Sempre tive muito medo de saber o meu futuro por outras pessoas, jogos e adivinhações, até perceber que o futuro nada mais é que o presente refletido no amanhã. Há tempos venho me libertando de minhas amarras e encarando meus traumas, tenho isso como um ato de liberdade e autoconhecimento. Mesmo com a “certeza” das cartas a insegurança e o medo que ainda pairavam sobre os meus pensamentos. Tento buscar uma forma de dizer-te o que sinto, mas na minha cabeça isto estava mais que nítido para você.

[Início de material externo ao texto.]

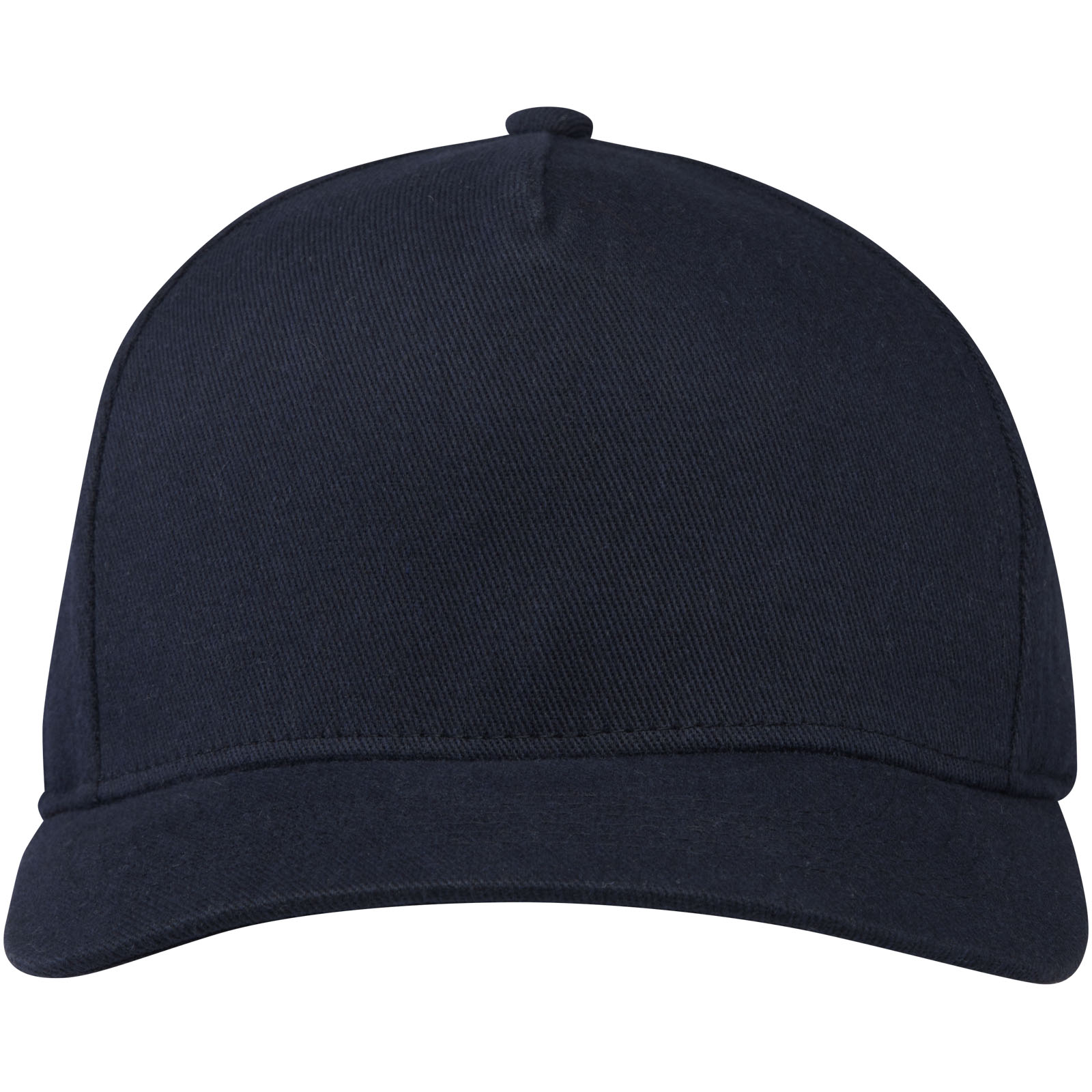 Gorra de material reciclado de cinco paneles Aware™ Onyx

Em meios as minhas ânsias um livro que eu havia comprado pela internet – que explica, através, da filosofia e mitos o por que amamos, chegou. Me debruço em sua leitura e um trecho me chama atenção, o autor diz que para uma antiga civilização africana o amor é como se fosse uma escalada até o topo de uma montanha, onde o topo seria o ápice daquele sentimento, no qual ele definiu de paixão, e a trilha seria o amor, onde ele chama de intimidade. Naquele momento muita coisa fez sentindo para mim, eu pensei em chamar-te para que juntos trilharmos esse caminho até o topo da montanha, sem nenhum compromisso, só se conhecendo e por meio da escalada criando intimidade até o topo. Contudo, desisti. Percebi que nós já estávamos fazendo esse percurso, mas que não estávamos em plena sintonia, as suas barreiras eram diferentes da minhas, e até aí tudo bem, só que me dei conta que muitas das vezes eu caminhara sozinho, no silêncio das madrugadas, buscando lenha e mantimentos para deixar o caminho para você confortável, e isso me desgastara, às vezes, sem forças alguma, com sede e fome por viver das migalhas que você deixara enquanto percorria o seu caminho.

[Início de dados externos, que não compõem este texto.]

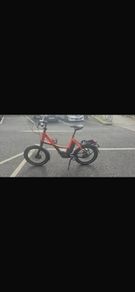 Electric power assisted bike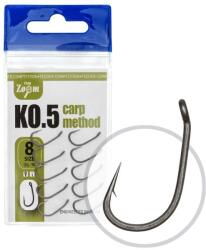 Feeder Competition FC KO. 5 Method feeder horog, #12, 10 db (CZ0190)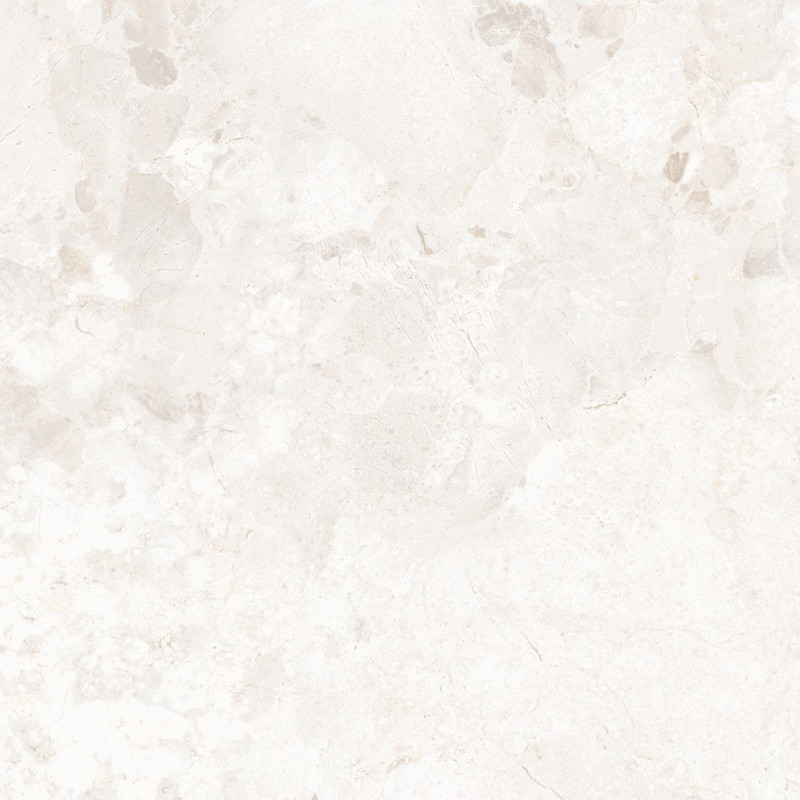 Mexen Tubac Bianco gres szkliwiony rekt. G1, płytka podłogowo-ścienna 60 x 60 cm, połysk - TL118-060-060-01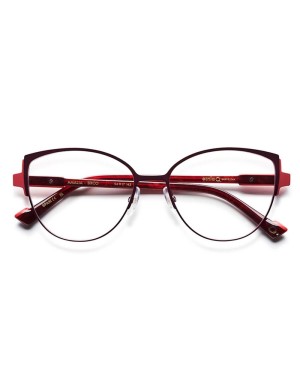 Etnia Barcelona Occhiali Vista Amalia Bordeaux – Ottica Ricci Shop Online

Eu não o culpo por isso, talvez essa seja a sua forma de caminhar. Não culpo o tarot por ser tão positivo e achar que o futuro reservaria algo bom para mim. Todavia, também não me sinto culpado, sempre haverá uma nova escalada e apesar da distância entre nós, na nossa caminhada, ainda tenho a esperança de poder me encontrar novamente com você, e cada um, a sua maneira, caminhar até o topo dessa montanha. Por hora sinto-me exaurido, mas nada como um dia após o outro e um momento de descanso para que as energias sejam renovadas.